As a famous statistician says, all models are wrong, but some are useful. And statistics is just modeling. It can be useful, but it’s not the be all end all…

16 Likes

George Box’ famous quote

Someone once told me, “If you are not keeping score, you are just practicing.”

We are dealing with an Olympic sport. I think the quality of the judging merits some scrutiny. As a statistician, aren’t you curious about what would be the Kendall’s Coefficient of Concordance (KCC) to account for the magnitude of the difference among scores in a set of judges?

1 Like

Explain to me, in simple terms, how this would work.
Bigfoot does an 8 flying change in front of me at C in a PSG test. It is clean, through, at the marker, but perhaps not expressive enough or the counter canter is not supple.
Now, you ask 1000 of my colleagues what their scores for the change would be? If they were not sitting at C, their perspective is different from mine. Bigfoot isnt a machine. We cannot use the other 87 changes at C he has done in other PSG tests to compare. The only way to compare is to do a real time, live comparison.
So, in a perfect world, 900 of my colleagues sitting at C at the exact moment would also give it an 8. Some may give it a 7 because they felt the cc before was lacking balance. Others may give it a 9. (ignore for a moment that we have half scores, because that makes it even more cumbersome). There is no absolute, correct answer as to the value of the change score. There is only an approximation.
That is the best we can do.

14 Likes

You have a bit of a git off mah lawn vibe. Stuff changes, some for better, some for worse. And I get it, it’s not going to make everyone happy. Personally I have a hard time watching people ride backwards to a fence, no matter how nice their horse jumps when they actually get TO the fence, so modern day hunters are not for me!! I think it sucks, but there’s a whole generation of people who are so happy to go slow, so there’s that.

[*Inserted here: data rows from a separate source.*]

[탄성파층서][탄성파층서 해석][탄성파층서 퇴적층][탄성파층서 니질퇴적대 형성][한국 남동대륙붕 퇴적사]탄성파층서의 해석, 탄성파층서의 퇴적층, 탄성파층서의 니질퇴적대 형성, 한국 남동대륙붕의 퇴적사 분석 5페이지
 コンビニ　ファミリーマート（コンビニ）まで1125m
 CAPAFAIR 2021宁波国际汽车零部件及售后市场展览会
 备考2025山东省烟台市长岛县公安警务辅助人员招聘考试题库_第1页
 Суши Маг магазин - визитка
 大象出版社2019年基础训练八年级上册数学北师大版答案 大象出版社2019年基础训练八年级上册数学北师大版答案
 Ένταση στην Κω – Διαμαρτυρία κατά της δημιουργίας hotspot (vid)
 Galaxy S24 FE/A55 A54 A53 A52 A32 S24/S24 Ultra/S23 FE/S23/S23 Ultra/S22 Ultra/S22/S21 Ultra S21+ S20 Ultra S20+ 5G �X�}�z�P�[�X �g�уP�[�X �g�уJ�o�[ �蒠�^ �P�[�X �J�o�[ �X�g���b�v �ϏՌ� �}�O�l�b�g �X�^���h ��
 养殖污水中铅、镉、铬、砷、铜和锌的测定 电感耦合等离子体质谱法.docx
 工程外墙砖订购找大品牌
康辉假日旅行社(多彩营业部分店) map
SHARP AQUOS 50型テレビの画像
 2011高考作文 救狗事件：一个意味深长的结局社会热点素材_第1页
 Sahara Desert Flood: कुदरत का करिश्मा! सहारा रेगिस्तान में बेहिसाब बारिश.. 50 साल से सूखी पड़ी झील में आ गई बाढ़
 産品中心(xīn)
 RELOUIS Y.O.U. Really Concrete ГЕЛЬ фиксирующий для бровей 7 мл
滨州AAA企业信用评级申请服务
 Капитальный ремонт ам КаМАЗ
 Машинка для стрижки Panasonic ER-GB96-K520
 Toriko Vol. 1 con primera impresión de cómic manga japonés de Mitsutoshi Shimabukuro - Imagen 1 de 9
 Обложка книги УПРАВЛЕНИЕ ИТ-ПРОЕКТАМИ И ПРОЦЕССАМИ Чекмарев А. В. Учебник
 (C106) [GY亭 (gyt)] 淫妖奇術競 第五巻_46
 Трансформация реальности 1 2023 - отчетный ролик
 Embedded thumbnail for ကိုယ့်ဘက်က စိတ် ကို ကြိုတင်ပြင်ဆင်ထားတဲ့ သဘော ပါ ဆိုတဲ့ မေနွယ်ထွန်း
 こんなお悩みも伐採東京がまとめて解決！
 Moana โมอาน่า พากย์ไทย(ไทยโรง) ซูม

But in the discussion about scores below 5, what’s lost in this conversation is sometimes more than one movement is grouped into a box. Sure you had a craptacular halt, but before and after that was not craptacular. The halt might have been a 2, but the collected trot and working walk was not a 2, leaving the judge to do some quick math that usually shows up in the gasp 5-7 range. Just a few days ago I had some painful errors in my CAI1* test at Live Oak (driving). In the double deviation (shallow serpentine for you ridden folks) my apex was slightly past the letter on the second deviation. MAJOR error. But I got the coveted 2 straight steps at E, nailed the testsays10mbutwereallywant11m and managed to get the pony nose to the rail before H… So part of that movement was BAD. Possibly even Very Bad. But there were a lot of things right and some downright good, so it was a 5.5 to 6 from the 5 judges. Not surprisingly, the 5.5s were from those who got an eyeful of the error past S.

Also, if you want some solid good old fashioned evil dressage scores, just take up driven dressage. I have been to most of the top shows in this country and have never seen an 80% I think it happens, but it’s kind of a unicorn, more myth than reality. I think there were a handful of 70 range scores at the last world championships for teams, but it was like 3 -4 teams if that.

6 Likes

Thanks, was 99% sure it was him but didn’t feel like looking it up and/or getting blasted for saying the wrong name.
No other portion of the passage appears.